• _Problem statement_: All pictures are to be omitted while the lines starting at the line with "Как бороться с" and ending at the line with "A PET-CT scan" in the material below are retyped exactly, both ends included.

• _Supplied data_:
==============================
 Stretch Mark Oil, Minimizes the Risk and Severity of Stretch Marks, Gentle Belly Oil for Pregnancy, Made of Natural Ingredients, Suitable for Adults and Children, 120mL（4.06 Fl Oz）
==============================
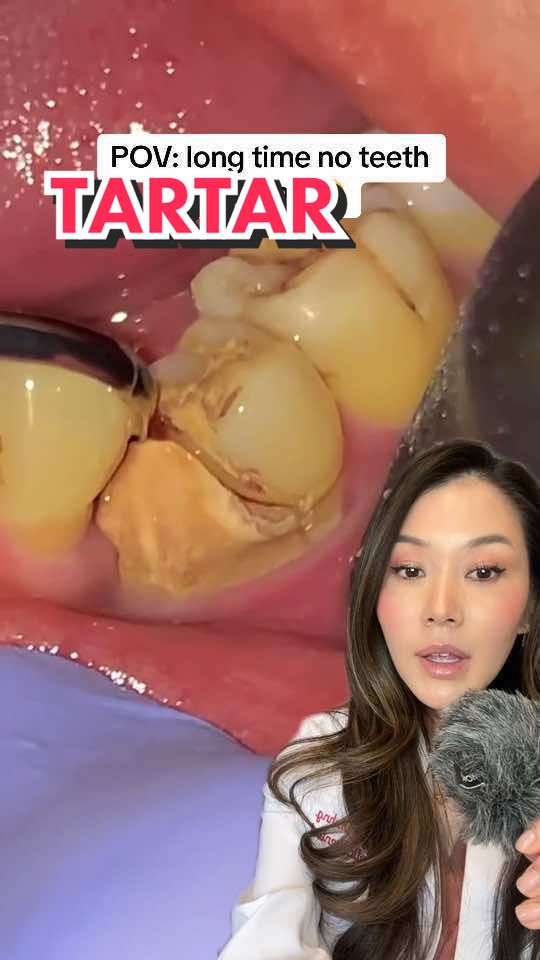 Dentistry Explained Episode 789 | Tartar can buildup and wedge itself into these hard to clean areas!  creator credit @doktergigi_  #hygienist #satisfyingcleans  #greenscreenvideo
==============================
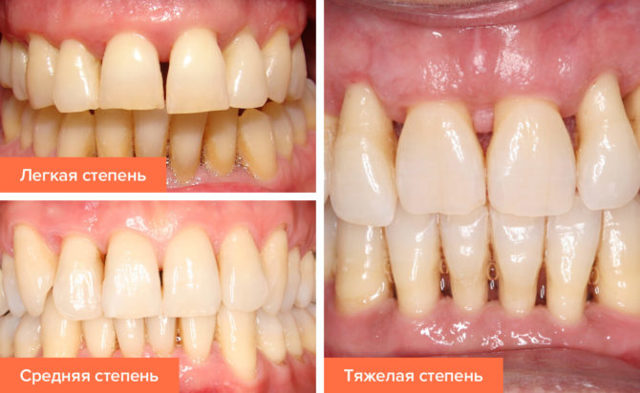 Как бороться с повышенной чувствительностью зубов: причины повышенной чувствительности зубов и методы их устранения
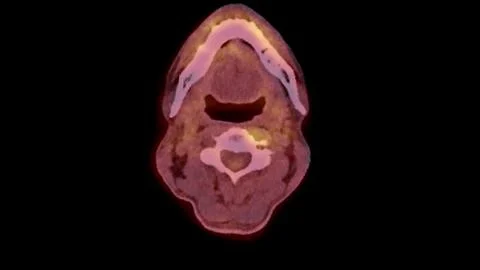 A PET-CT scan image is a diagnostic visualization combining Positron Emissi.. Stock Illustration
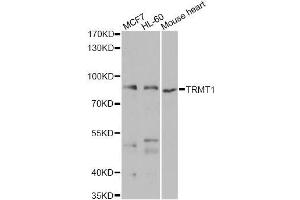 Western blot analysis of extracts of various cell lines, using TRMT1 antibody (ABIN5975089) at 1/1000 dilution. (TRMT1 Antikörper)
==============================
• _Finished task_:
 Как бороться с повышенной чувствительностью зубов: причины повышенной чувствительности зубов и методы их устранения
 A PET-CT scan image is a diagnostic visualization combining Positron Emissi.. Stock Illustration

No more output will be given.